The best solution for drifting (next to having a child of course) is to direct your time towards a fulfilling and purposeful hobby and let that guide your TV or internet or reading etc. Do not just drift through the bookstore hoping to find something to interest you – although I do admit so sometimes wavering on this principle in front of the history section.

I like writing, gardening; activities which at the end of the day you have something concrete to show for it. I suspect blogging is similar. You write; you analyze; you get comments to think about and you have something at the end as an object of pride.

Gus Van Horn said...

"Do not just drift through the bookstore hoping to find something to interest you – although I do admit so sometimes wavering on this principle in front of the history section."

But are you really wavering on the principle -- or allowing yourself to explore? I have made some of my best mental connections when allowing myself to daydream, for lack of a better word, during walks or drives, or when enjoying a less-than-demanding leisure activity. I think there is a valid and useful distinction to be made between drifting and not being in a state of laser-like focus at some given moment.

Steve D said...

Agreed. I was using the term 'wavering on this principle' more as a lose expression than a literal statement. Of course, I was still focused; I was in front of the history section actively pulling books and flipping through the pages, not wandering aimlessly through book store waiting for first shiny cover to catch my eye. Exploring the books (or just typing the term ‘ancient history’ on Amazon allows you to discover new things you never considered before.

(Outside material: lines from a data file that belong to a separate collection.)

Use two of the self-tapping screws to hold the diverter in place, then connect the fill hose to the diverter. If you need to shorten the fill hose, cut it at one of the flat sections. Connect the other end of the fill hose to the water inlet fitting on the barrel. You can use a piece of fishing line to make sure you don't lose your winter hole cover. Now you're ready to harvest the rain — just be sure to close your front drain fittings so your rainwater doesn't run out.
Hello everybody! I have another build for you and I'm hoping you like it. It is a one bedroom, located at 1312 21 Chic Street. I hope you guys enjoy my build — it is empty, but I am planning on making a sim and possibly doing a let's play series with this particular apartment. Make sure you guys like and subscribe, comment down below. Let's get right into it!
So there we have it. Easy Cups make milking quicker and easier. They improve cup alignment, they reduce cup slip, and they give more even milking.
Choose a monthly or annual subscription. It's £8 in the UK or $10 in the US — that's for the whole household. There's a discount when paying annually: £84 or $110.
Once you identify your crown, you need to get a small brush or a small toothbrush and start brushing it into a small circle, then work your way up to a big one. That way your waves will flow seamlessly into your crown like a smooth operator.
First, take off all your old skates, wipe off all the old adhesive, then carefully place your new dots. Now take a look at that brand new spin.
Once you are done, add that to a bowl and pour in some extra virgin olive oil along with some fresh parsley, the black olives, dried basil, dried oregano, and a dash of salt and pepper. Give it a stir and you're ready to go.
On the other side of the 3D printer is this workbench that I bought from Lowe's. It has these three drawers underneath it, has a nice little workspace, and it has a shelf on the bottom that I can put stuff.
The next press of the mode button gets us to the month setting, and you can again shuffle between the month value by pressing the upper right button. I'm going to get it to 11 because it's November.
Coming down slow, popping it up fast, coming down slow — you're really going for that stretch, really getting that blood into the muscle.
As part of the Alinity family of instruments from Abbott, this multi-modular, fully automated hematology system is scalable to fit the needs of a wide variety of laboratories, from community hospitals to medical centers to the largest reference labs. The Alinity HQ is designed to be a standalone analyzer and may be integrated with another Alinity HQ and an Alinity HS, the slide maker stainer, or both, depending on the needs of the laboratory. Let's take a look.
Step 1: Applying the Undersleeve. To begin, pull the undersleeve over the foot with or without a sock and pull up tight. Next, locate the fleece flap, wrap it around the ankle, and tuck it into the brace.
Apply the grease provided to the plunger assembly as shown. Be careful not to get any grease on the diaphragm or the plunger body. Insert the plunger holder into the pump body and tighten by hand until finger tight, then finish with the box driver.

They key word in your above paragraph is ‘laser-like’. I think there are different types and degrees of focus. I can think of differences between my book store experience; reading a novel, reading a scientific article, actively performing an experiment, going on a date, teaching my son, etc. They involve at least the direction, breadth, and object of your focus. This seems like an interesting subject to explore in the future.

Mike said...

First, it's surprising to say that increased TV watching is a positive benefit of reduced websurfing! O mores o tempora!!! But that's really just a low jab for laughs, since in fact there's some very good TV in existence.

Second, I recently moved abroad for work and have much reduced Internet access myself, and I have to agree with all of this. It's surprising how much time can be eaten up just in loading browsers and the like—I went online at home one evening to pay a bill and found it took 16 minutes! While there are some blogs I still follow daily at work, yours and John Cook's, the others have been shunted off to early Sunday afternoons, even The Onion, and quite often I simply forget about them when I do allow myself to stroll around the Internet. Instead I've enjoyed the chance to read books I didn't have or take the chance to read before, and I have to say that for me at least it's been a largely unconscious, painless process.

Gus Van Horn said...

It's a high compliment that you follow my blog, especially in your new context! (I joke with myself that I don't follow my own blog anymore.)

The telly is about to get pared down. One of my last frontiers is reclaiming naptime from the baby. Currently, most of my TV watching comes from the fact that she won't take naps without being held -- and it's too awkward to use anything besides a smart phone or a remote. We finally have the beginnings of a plan in place to fix the problem...

Funny that we're both up now. Consider my effective time zone to be that of the Azores.

Off to the shower and the weekly house-straightening while the baby is still asleep.